Khadka, Maila Baje feels, has a strong claim to that legacy. And not just because he’s the only notable who disembarked that aircraft with B.P. in 1976 who is still breathing in our midst. Forget the brave face the Nepali Congress is putting up before the upcoming elections. The party may yet do the best among the principal contestants. But that will have been because its rivals have done a pretty lousy job in power.
Like it or not, the Nepali Congress needs a Koirala to survive. The children, nephews and nieces of B.P. staking their claim to the party’s soul all share the last name. Yet far from uniting the organization, none has been capable of rising above kindergarten squabbling or silliness. So the best the party can hope for is someone who can channel B.P.’s spirit, something Khadka has fully grasped. Could he be that person?
At one point, Khadka was the party’s kingmaker, having at least a quarter of the party’s legislators stashed into his pocket. If Sher Bahadur Deuba could break away from the Girija Prasad Koirala-led mother organization in 2002, it was largely because he had Khadka on his side. As home minister in the Deuba government, Khadka insisted he could conduct the parliamentary elections over the Maoists’ threats. Yet the prime minister thought otherwise. When King Gyanendra sacked Deuba and took executive control – in the relatively benign first phase of royal assertiveness – Khadka was among the handful of Nepali Congress leaders put behind bars.
His controversial and ostensibly corrupt ways had made him an open target, and the masses cheered on. If the criminalization of Nepali politics could be blamed on one person, Khadka critics contended, then he was the man. Then there were other throbbing questions, such as whether it was purely coincidental that the Maoists gained in lethality on Khadka’s watch.
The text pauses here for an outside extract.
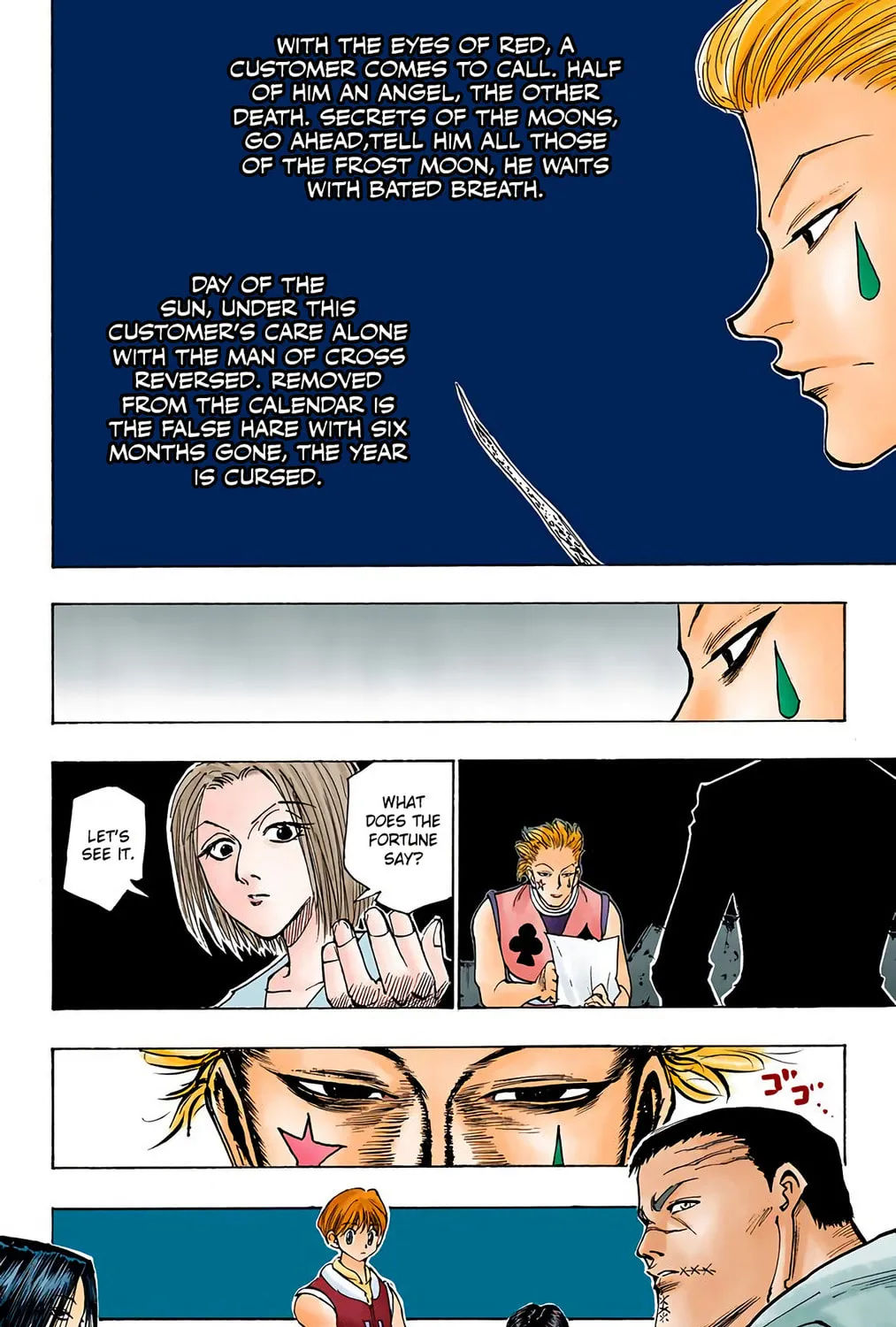 Hunter x Hunter Colored Manga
At this point, Khadka began flaunting his republican credentials. He recalled his statement at a party meeting a few years earlier where he had suggested that the Nepali Congress might be better off offloading the monarchy. Years later, when Girija Koirala did just that, Khadka did not seem too happy. Careful to reject the monarchist label, Khadka nevertheless lamented the rashness with which his party had acted. When he appeared with former king Gyanendra at a religious function, people started speculating. But, then, the judges intervened.
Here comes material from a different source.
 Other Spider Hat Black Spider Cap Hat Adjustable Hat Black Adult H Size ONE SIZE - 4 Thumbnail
As Khadka presses on with the B.P. legacy, he faces the same challenge other would-be successors have in defining the notion of national reconciliation. If B.P. had lived five or ten years longer, would he have had the same affinity for the monarchy? After all, B.P. was the head of a party that had tried to kill Kings Mahendra and Birendra. His version of the validity of the monarchy was rooted in local and geopolitical traditions he came to grasp largely after his release from Sundarijal in 1968. With so much internal and external change having gripped Nepal, could B.P. still be held captive to the same set of beliefs? These are only some of the questions Khadka would have to answer.
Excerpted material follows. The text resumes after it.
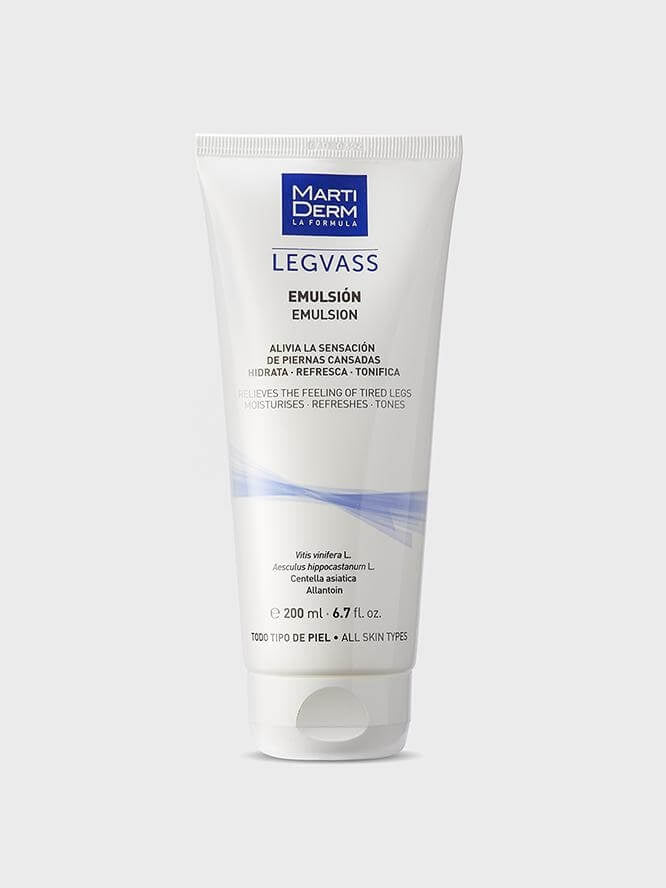 Martiderm Legvass Emulsion - 200ml - Healtsy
If national reconciliation today is in fact much more than a code word for the Nepali Congress’ imperative to return to its constitutional-monarchy roots, then Khadka has an even more onerous task. If anything, the party always has been a polarizing force when in power. In opposition, its sanctimony continues to rile its rivals. If the Nepali Congress really thinks it is Nepal’s only true democratic party and is prepared to bet its life on it, then it must learn to act like it. Khadka should begin anew by driving the point harder.